Güncelleme Tarihi:
Ahmet Güzelyağdöken
Lezzet Gönüllüsü-Gurme
Usta denizcilerin, usta balık avcıları fokların, usta balıkların ve usta balıkçıların denizin üzerinde kurulmuş bir tarih kentinin var olduğu coğrafya dünyada çok az yerde bulunur.
Foça’ya çok yakışan hikayede nerede olduğu bilinmeyen kara taşa bilmeden bir kez basan herkesin mutlaka dönüp dolaşıp Foça’da olacağı anlatılır.
Bu hikaye Foça’nın ne kadar değerli ve vazgeçilmez olduğuna dair çok önemli bir temsildir.
Foça’yı anlatırken Eski Foça ve sonradan mahallesi olarak Yeni Foça diye iki Foça’dan bahsedilir.
Eski Foça dendiğinde ise büyük deniz ve küçük deniz olmak üzere iki denizden söz edilir.
Büyük denizde foklar, yunuslar ve balıkçılar avlanır.
Sakin su olan küçük denizde ise balıkçılar iskeleye teknelerini bağlar ve bu sakinlikte konumlanırlar.

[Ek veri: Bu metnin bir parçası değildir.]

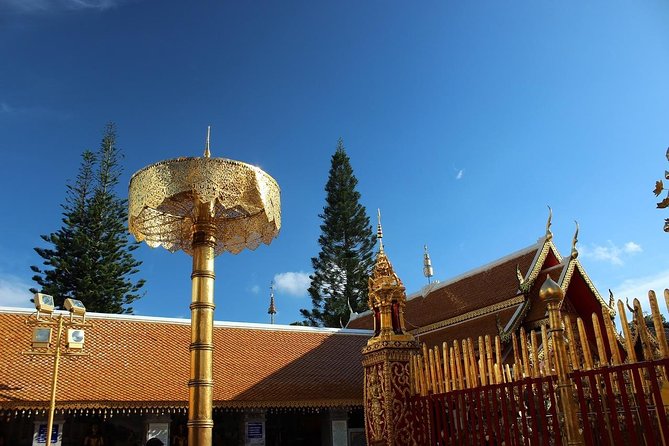The Best Chiang Mai City Private Tour: Famous Temples & Viewpoint - Morning Flow: Wat Chedi Luang to the Doi Suthep Area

Yakalanıp denizden çıkarılan her ne varsa oracıktaki balık haline indirilir.
Balığın her çeşidi burda
Sabahın erken saatlerindeki balık mezatında ya Foça’nın sakinlerine ya da bir balıkçı kasabasındaki restoranlarına dağılır.
Ve pek tabii ki bir balıkçı kasabasında oranın klasiği ve yeme içmedeki kıymetlerini sunan en önemli yerleri restoranlarıdır.

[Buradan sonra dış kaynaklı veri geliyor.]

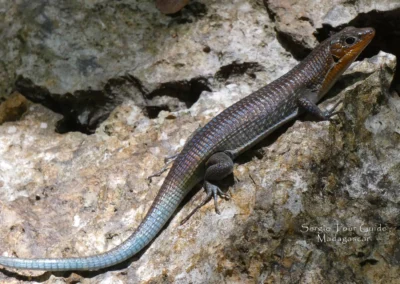Zonosaurus tsingy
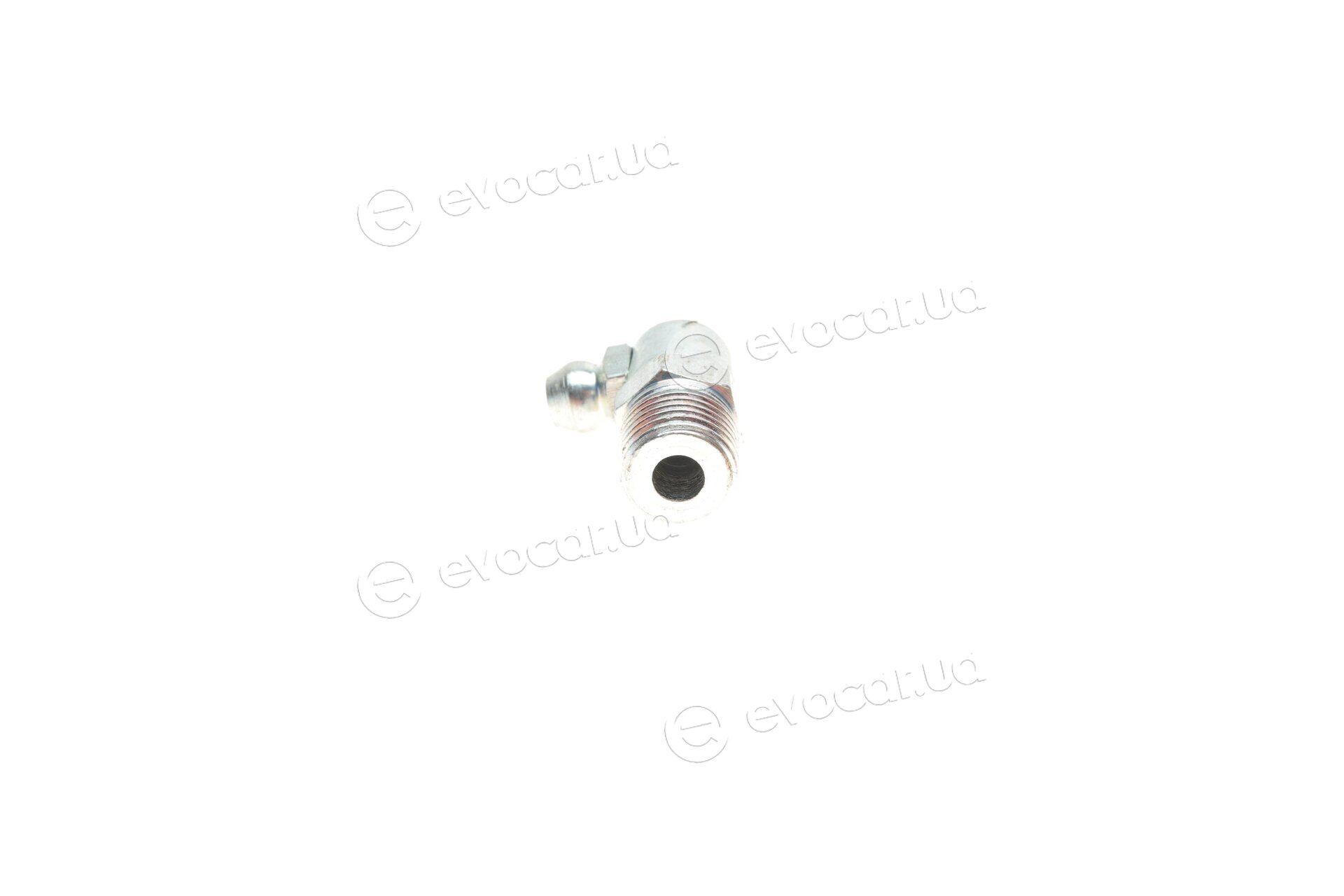 Blue Print ADG03905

Foça, dış körfezin bitiş noktasında Karaburun’un karşısına denk gelen Ege Denizi’ne açılan kapının bir ucundadır.
Haliyle hem dış körfezden, hem açık denizden beslendiği için çok zengin bir balık ve deniz ürünleri çeşitliğine sahiptir.

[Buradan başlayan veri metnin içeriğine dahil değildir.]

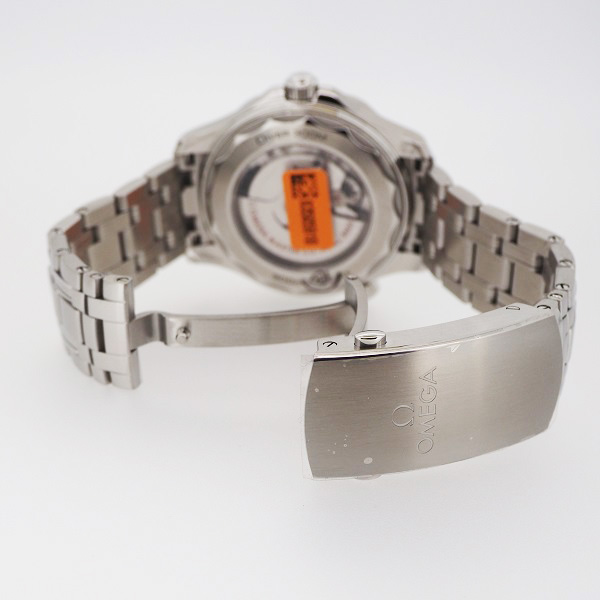 OMEGA シーマスターダイバー300　210.30.42.20.01.001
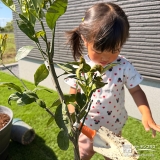 温州ミカンの植樹の様子②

İzmir’in simgesi mavi kuyruklu karidesi, yerli kalamarı, ahtapotu, subyesi, kereviti ve birçok deniz ürünleri ile...
Levrek, çipura, sargoz, dil, sardalya, mırmır, eşkina, lagos, iskorpit, turna, barbun, sinarit, trança, mercan, granyöz ve daha sayılmadık birçok balık çeşidiyle deniz zenginliğini önümüze seriverir.
Ve tabii böylelikle balıkçı restoranları Fokai Sadık, Ada, Deniz, Liman, Celep ve Foça’ya yerleşen sempatik İtalyan arkadaşımız Carmine ve eşinin işlettiği Rosole İtalyan dikkate ve övgüye değerdir.